• **EXERCISE DETAILS**
Exact transcript, pictures excluded: write out every record below.

━━━━━━━━━━

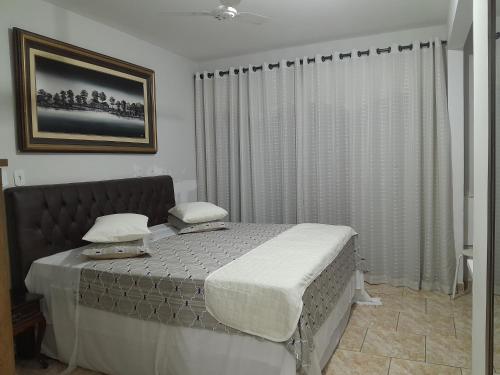 a bedroom with a large bed with white sheets at Hotel e Pousada Ciconha-são Lourenço MG in São Lourenço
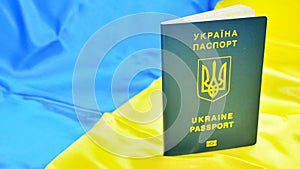 Ukrainian biometric passport id to travel the Europe without visas on the table. Inscription in Ukrainian Ukraine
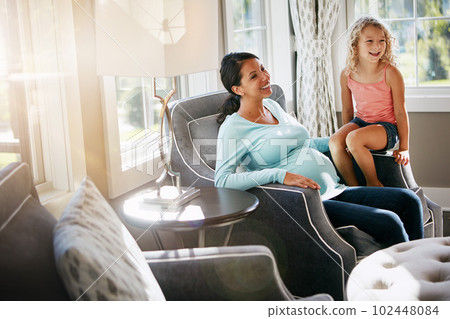 My second pregnancy is just as special as my first. a pregnant woman spending time with her daughter at home. My second pregnancy is just as special as my first. a pregnant woman spending time with her daughter at home. 102448084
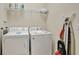 Convenient laundry room with washer, dryer, and ironing board at 9151 Wedge Dr, Davenport, FL 33896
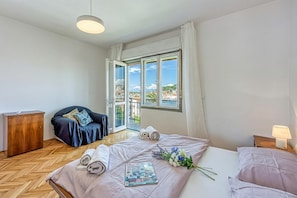 A bedroom with a bed, a wooden wardrobe, a dark blue sofa, a window with a view, and a lamp on the bedside table.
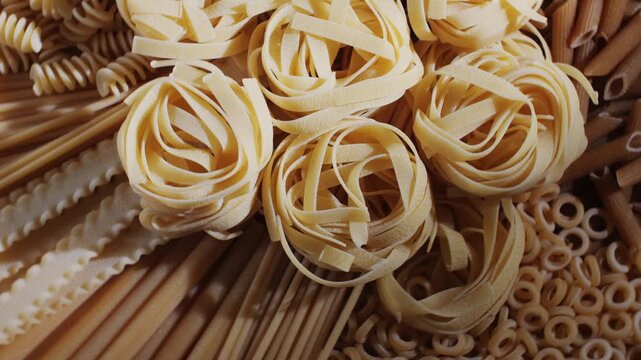 Pasta mix, different Italian tagliatelle fussili pasta packaging window, Fettuccine pasta, close up, not cooked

━━━━━━━━━━

• **FINISHED EXERCISE**
 a bedroom with a large bed with white sheets at Hotel e Pousada Ciconha-são Lourenço MG in São Lourenço
 Ukrainian biometric passport id to travel the Europe without visas on the table. Inscription in Ukrainian Ukraine
 My second pregnancy is just as special as my first. a pregnant woman spending time with her daughter at home. My second pregnancy is just as special as my first. a pregnant woman spending time with her daughter at home. 102448084
 Convenient laundry room with washer, dryer, and ironing board at 9151 Wedge Dr, Davenport, FL 33896
 A bedroom with a bed, a wooden wardrobe, a dark blue sofa, a window with a view, and a lamp on the bedside table.
 Pasta mix, different Italian tagliatelle fussili pasta packaging window, Fettuccine pasta, close up, not cooked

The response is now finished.